С этим вопросом у Бродского были явные проблемы. Помню беседу, в которой он утверждал, что красивый город не может быть порабощен. Когда я возразил, что Прага — красивый город, но в 1968 году это ей не помогло, он смутился и сказал, что должен об этом думать дальше. Идея превосходства эстетики перед этикой, несомненно, была основана на собственном опыте Бродского. Но одна ли поэзия способна убедить человека в том, что не следует убивать? Как правильно замечает Лев Лосев, монаху-буддисту не надо читать поэзию, чтобы убедиться, что нельзя лишать жизни своего ближнего.

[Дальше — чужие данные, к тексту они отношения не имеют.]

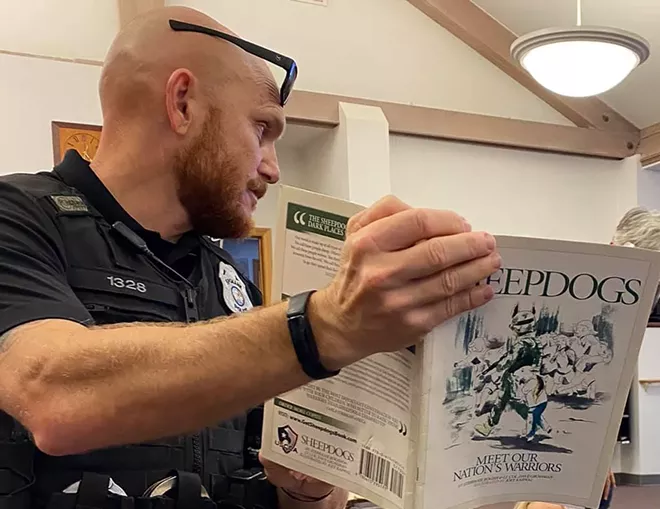 Spokane Police Officer Graig Butler reading children a book co-authored by Dave Grossman. - SPOKANE POLICE DEPARTMENT (FACEBOOK)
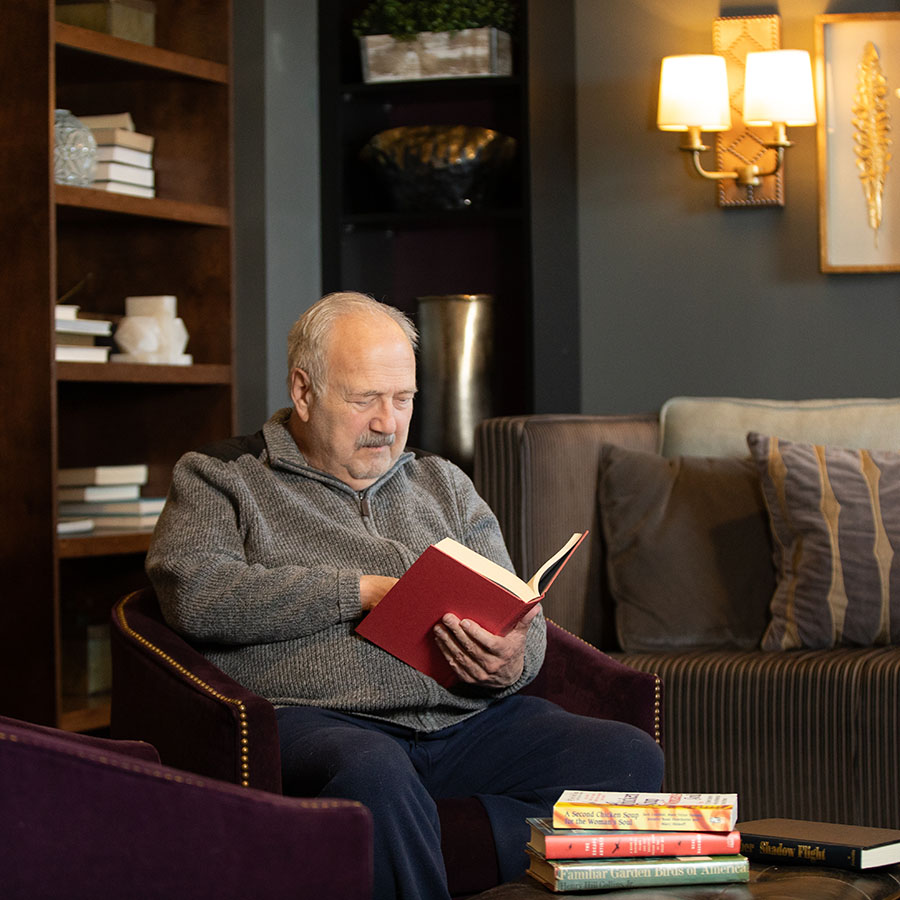 Elderly man reading book in Town and Country Senior Living library.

Бродский снабдил Нобелевскую лекцию важной оговоркой. В ней он позволяет себе, по собственному признанию,
ряд замечаний — возможно, нестройных, сбивчивых и могущих озадачить вас своей бессвязностью. Однако количество времени, отпущенное мне на то, чтобы собраться с мыслями, и самая моя профессия защитят меня, надеюсь, хотя бы отчасти от упреков в хаотичности. Человек моей профессии редко претендует на систематичность мышления; в худшем случае, он претендует на систему.
Этой оговоркой Бродский подрывает позицию своих критиков: то, что я говорю, — несвязно, сбивчиво, непоследовательно, может быть, даже и хаотично! Как будто он не уверен в том, что его аргументация достаточно солидна и что она является скорее выражением некого идеала, чем поддающейся проверке правдой.
На самом деле, как заметил Лосев, конструкция Бродского основана на цепи силлогизмов, каждый из которых спорен. Искусство делает человека личностью, поэтому эстетика выше этики; высшая форма эстетической деятельности — поэзия, поэтому поэзия является конечной целью человечества. Но правда ли, что искусство было инструментом индивидуации человека? Существует ли иерархия искусств? Правда ли в таком случае, что поэзия выше других видов искусства или, например, философии? Есть ли у человечества конечная цель? Чисто интеллектуально можно оспаривать каждое звено в этой цепочке, но это не тревожит Бродского, для мышления которого характерна неукротимая потребность довести каждую мысль до логического, порой абсурдного конца. «Недостаток систематического образования сказывался у Бродского не столько в том, что в его познаниях были пробелы — их он по мере надобности заполнял, сколько в отсутствии навыков дисциплинированного мышления», — так объясняет Лосев слабость аргументации Бродского. Это так. Но сформулированное Бродским в Нобелевской лекции было не логикой, а поэтикой — рядом пропозиций, являющихся верными в рамках его видения литературы и мира. Эстетика должна быть матерью этики, и в его случае так и было.